As a result of this concern, the Ministry of Food encouraged the establishment of British Restaurants (supposedly named by Churchill) to provide cheap, nutritional food (including wheatmeal bread) for evacuees, school children, war workers and refugees from bombed out cities. By late 1941, one of these had been established at Chipperfield. This was in the Women’s Club, which was at the car park end of Blackwells, and this is where school dinners began and continued until 1975, when the new school was opened on its current site. The organisation depended heavily on the services of the W.V.S. and I understand that the Land Army helped as well.

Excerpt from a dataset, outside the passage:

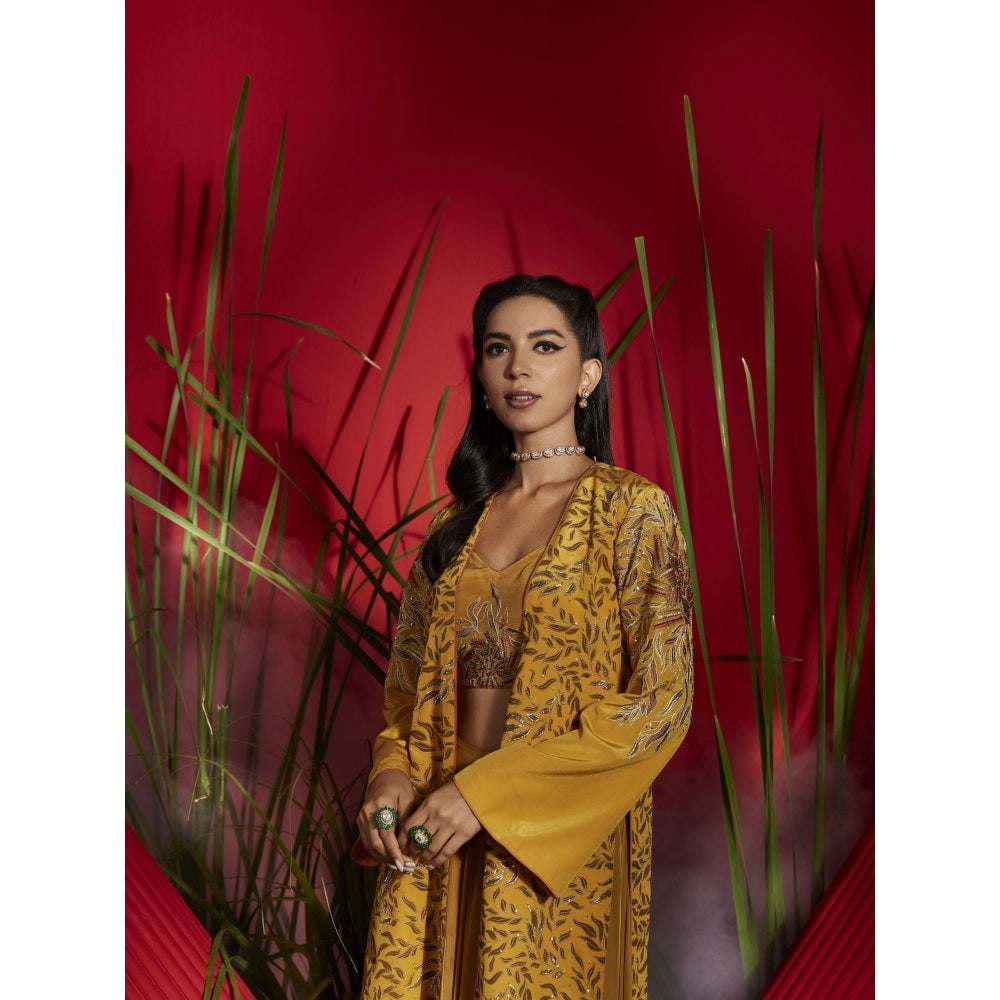 Shreeka Mustard Crepe Silk Embroidered Crepe Jacket (Set of 3)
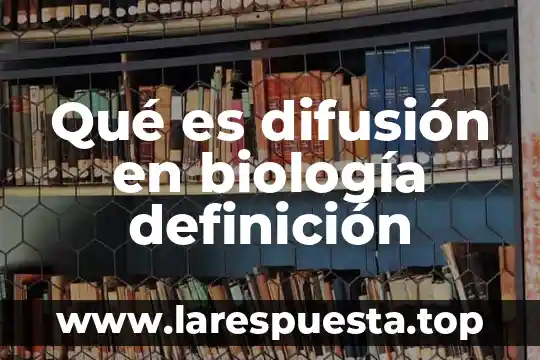 Qué es difusión en biología definición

In a recently discovered bound copy of the 1943 Church Magazines, there is an article written by the Vicar, Canon Jefferies, congratulating and thanking Miss Liddell, for her skilled cooking and for the assistance of her staff and loyal band of voluntary lady workers , who were celebrating the school canteen’s second anniversary on December 10th. Under the guidance of Miss Liddell, (who was subsequently to write the first local history ‘Notes on Old Chipperfield’), 50,000 piping hot meals had been provided promptly for children, teachers, land workers and others. It was a fine example of war work and the service had even paid its way.
The introduction of rationing also aroused much interest in resourceful methods of cooking and demonstrations were held throughout Dacorum. Housewives in Chipperfield held a competition to produce an “Invasion Loaf” baked without yeast or milk. We have no record of how palatable the winning entry was!